YOLOV5 模型配置文件存放在 modules 文件夹下：这里使用的是 yolov5s.yaml 。

2. yaml 内容理解

yolov5s.yaml 内容理解，这里是官方给出的文件内容。

1.parameters

nc: 2  # number of classes
depth_multiple: 0.33  # model depth multiple
width_multiple: 0.50  # layer channel multiple

【nc】: 类别个数
【depth_multiple】：模型深度超参数（卷积模块的个数）
【width_multiple】：模型宽度超参数（anchors 个数）

2.anchors

anchors:
  - [10,13, 16,30, 33,23]  # P3/8
  - [30,61, 62,45, 59,119]  # P4/16
  - [116,90, 156,198, 373,326]  # P5/32

三个不同尺寸的特征图上，默认 anchors 的高宽值。

3.backbone、head

backbone:
  # [from, number, module, args]
  [[-1, 1, Focus, [64, 3]],  # 0-P1/2
   [-1, 1, Conv, [128, 3, 2]],  # 1-P2/4
   [-1, 3, BottleneckCSP, [128]],
   [-1, 1, Conv, [256, 3, 2]],  # 3-P3/8
   [-1, 9, BottleneckCSP, [256]],
   [-1, 1, Conv, [512, 3, 2]],  # 5-P4/16
   [-1, 9, BottleneckCSP, [512]],
   [-1, 1, Conv, [1024, 3, 2]],  # 7-P5/32
   [-1, 1, SPP, [1024, [5, 9, 13]]],
   [-1, 3, BottleneckCSP, [1024, False]],  # 9]
# YOLOv5 head
head:
  [[-1, 1, Conv, [512, 1, 1]],
   [-1, 1, nn.Upsample, [None, 2, 'nearest']], # 预测层
   [[-1, 6], 1, Concat, [1]],  # cat backbone P4
   [-1, 3, BottleneckCSP, [512, False]],  # 13

   [-1, 1, Conv, [256, 1, 1]],
   [-1, 1, nn.Upsample, [None, 2, 'nearest']],  # 预测层
   [[-1, 4], 1, Concat, [1]],  # cat backbone P3
   [-1, 3, BottleneckCSP, [256, False]],  # 17 (P3/8-small)

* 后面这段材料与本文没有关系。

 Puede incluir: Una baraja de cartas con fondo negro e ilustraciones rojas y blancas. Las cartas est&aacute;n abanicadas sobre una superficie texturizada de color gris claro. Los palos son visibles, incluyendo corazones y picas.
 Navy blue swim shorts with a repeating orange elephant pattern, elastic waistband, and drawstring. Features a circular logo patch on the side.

   [-1, 1, Conv, [256, 3, 2]],
   [[-1, 14], 1, Concat, [1]],  # cat head P4
   [-1, 3, BottleneckCSP, [512, False]],  # 20 (P4/16-medium)

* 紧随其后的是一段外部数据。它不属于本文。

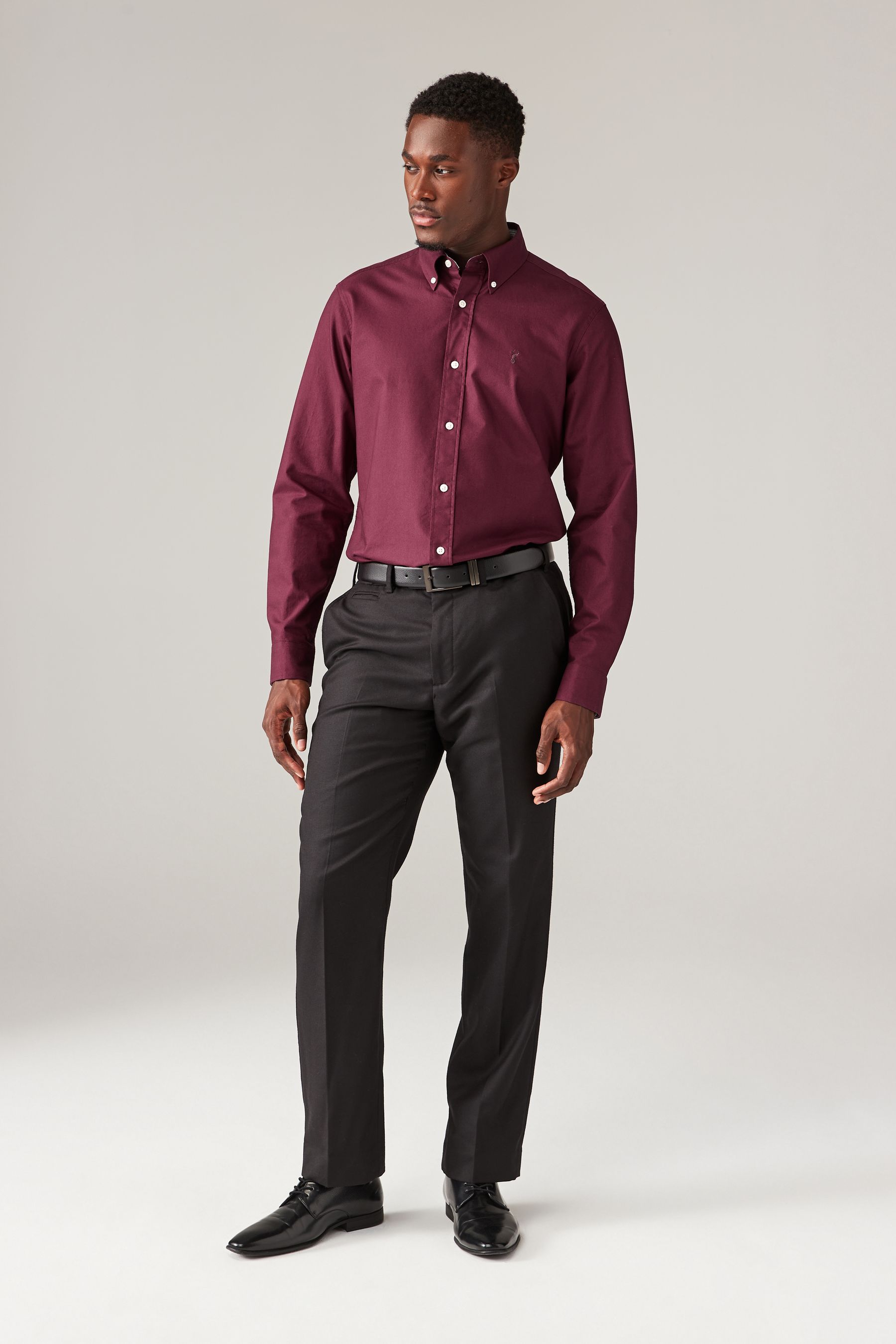 Burgundy shirt and grey pants shop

   [-1, 1, Conv, [512, 3, 2]],
   [[-1, 10], 1, Concat, [1]],  # cat head P5
   [-1, 3, BottleneckCSP, [1024, False]],  # 23 (P5/32-large)

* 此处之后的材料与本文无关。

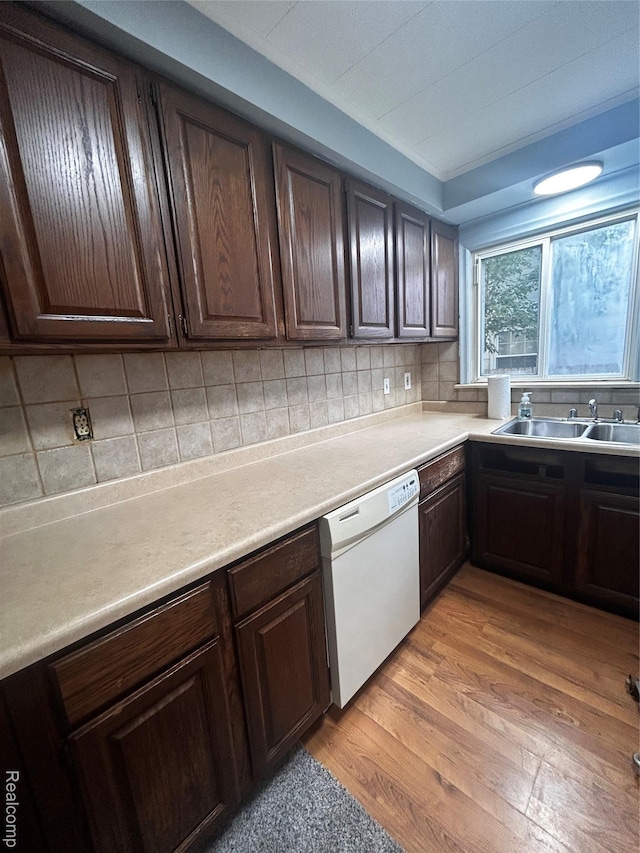 239 W Cornell Ave, Pontiac, MI 48340 - kitchen featuring white dishwasher, light wood-style floors, dark brown cabinets, and tasteful backsplash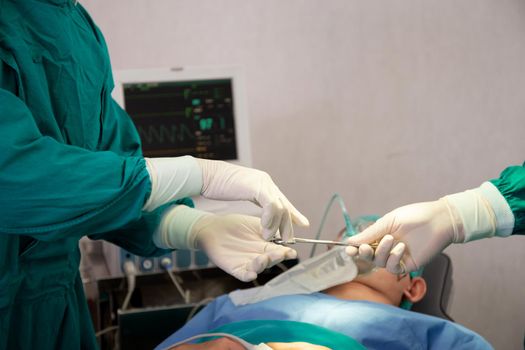 Closeup hands of doctor sending instrument with surgeon with rescue and  save patient in the operation room at hospital, surgery and emergency, medical and technology, specialist and assistant.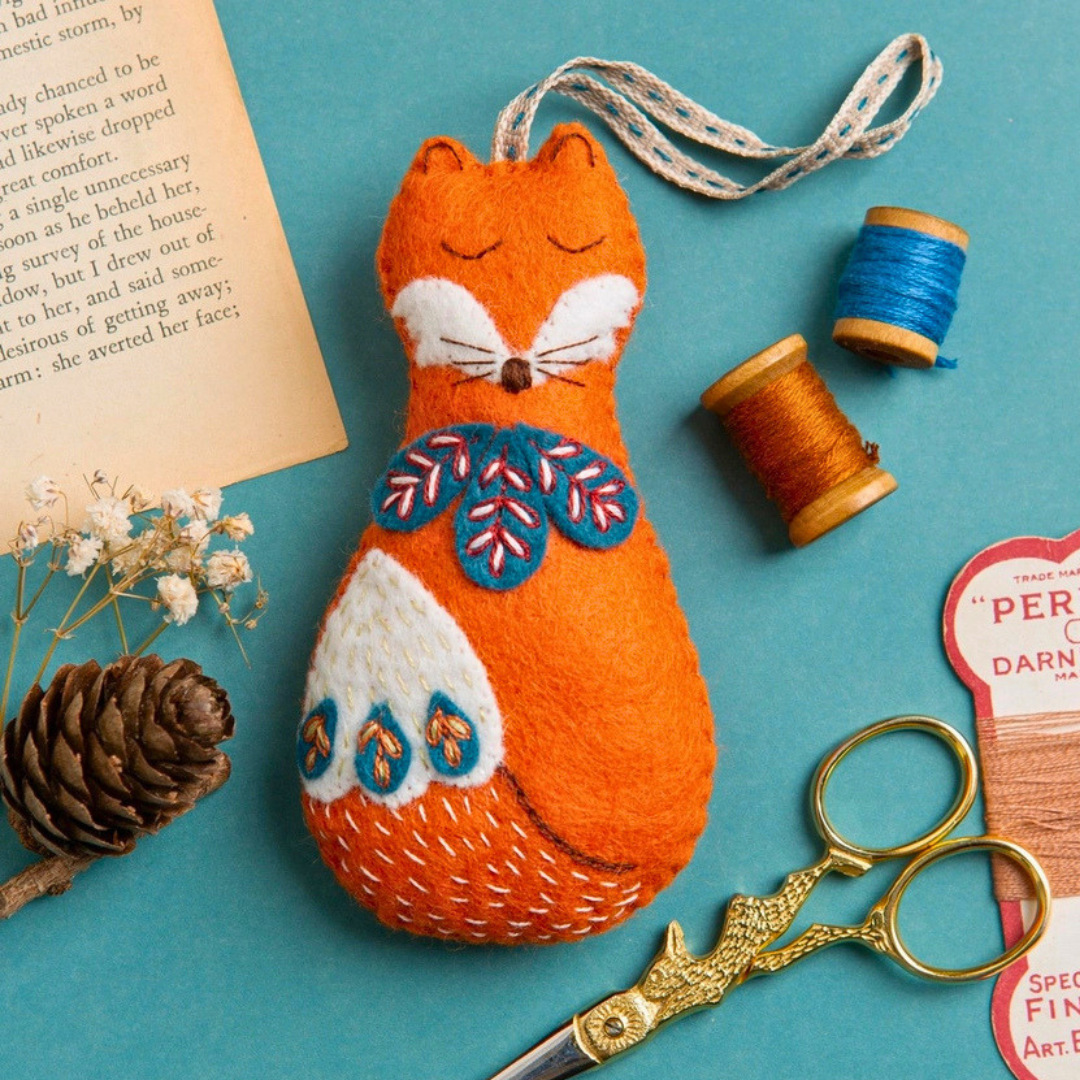 Completed Folk Fox felt ornament displayed with embroidery thread, scissors, pine cone and craft materials.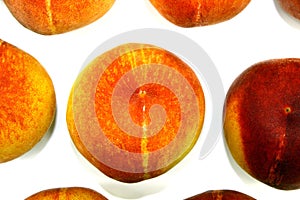 Juicy peaches photographed from above on a white background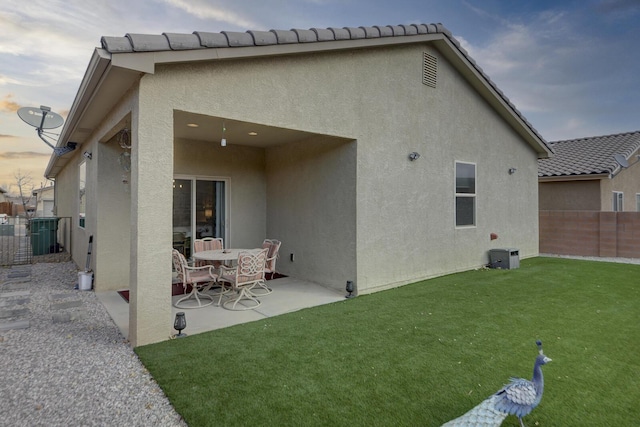 back house at dusk featuring a patio area and a lawn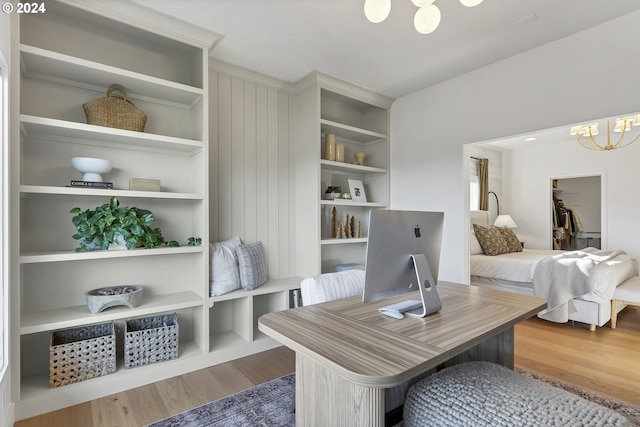 office featuring hardwood / wood-style floors and an inviting chandelier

   [[17, 20, 23], 1, Detect, [nc, anchors]],  # Detect(P3, P4, P5)
  ]

主干提取网络的超参数。
每一个列表都含有四个参数，
参数一：该模块的输入特征来自哪一个层
参数二：这个参数乘上模型深度的超参数，就可以控制模型的深度
参数三：每一个具体模块
参数四：后面介绍

【head】是 YOLO 预测用到的模块。

二、模型解析

网络解析代码在 models 文件夹下的 yolo.py 中的 parse_model 函数

parse_model(d, ch):

函数传入的两个参数分别是构建模型的字典和第一个卷积层的输入通道数。

anchors, nc, gd, gw = d['anchors'], d['nc'], d['depth_multiple'], d['width_multiple']

通过键分别取出对应的超参数值。

na = (len(anchors[0]) // 2) if isinstance(anchors, list) else anchors
no = na * (nc + 5)

计算出 anchors 个数和预测层的输出通道数

layers, save, c2 = [], [], ch[-1]

构建网络层列表、（save暂时不知道）、和第一模块的输出的通道数

    for i, (f, n, m, args) in enumerate(d['backbone'] + d['head']):
        m = eval(m) if isinstance(m, str) else m
        for j, a in enumerate(args):
            try:
                args[j] = eval(a) if isinstance(a, str) else a  # eval strings
            except:
                pass

        n = max(round(n * gd), 1) if n > 1 else n  # depth gain
        if m in [Conv, Bottleneck, SPP, DWConv, MixConv2d, Focus, CrossConv, BottleneckCSP, C3]:
            # c1: in_channels, c2: output_channels
            c1, c2 = ch[f], args[0]
            # 将 c2 调整到 8 的整数倍
            c2 = make_divisible(c2 * gw, 8) if c2 != no else c2
            args = [c1, c2, *args[1:]]
            if m in [BottleneckCSP, C3]:
                args.insert(2, n)
                n = 1
        elif m is nn.BatchNorm2d:
            args = [ch[f]]
        elif m is Concat:
            c2 = sum([ch[-1 if x == -1 else x + 1] for x in f])
        elif m is Detect:
            args.append([ch[x + 1] for x in f])
            if isinstance(args[1], int):
                args[1] = [list(range(args[1] * 2))] * len(f)
        else:
            c2 = ch[f]

其中，
【c1】该模块的输入通道数
【c2】该模块的输出通道数
【np】模型参数个数
【ch】模型中各个模块用到的通道数
【m_】模型的模块

c2 = make_divisible(c2 * gw, 8) if c2 != no else c2

【c2】的输出通道数由超参数 width_multiple（gw） 调节（模型的宽度）。
这里的 make_divisible 函数是将 c2 * gw 缩放到离 8 的倍数最近的值。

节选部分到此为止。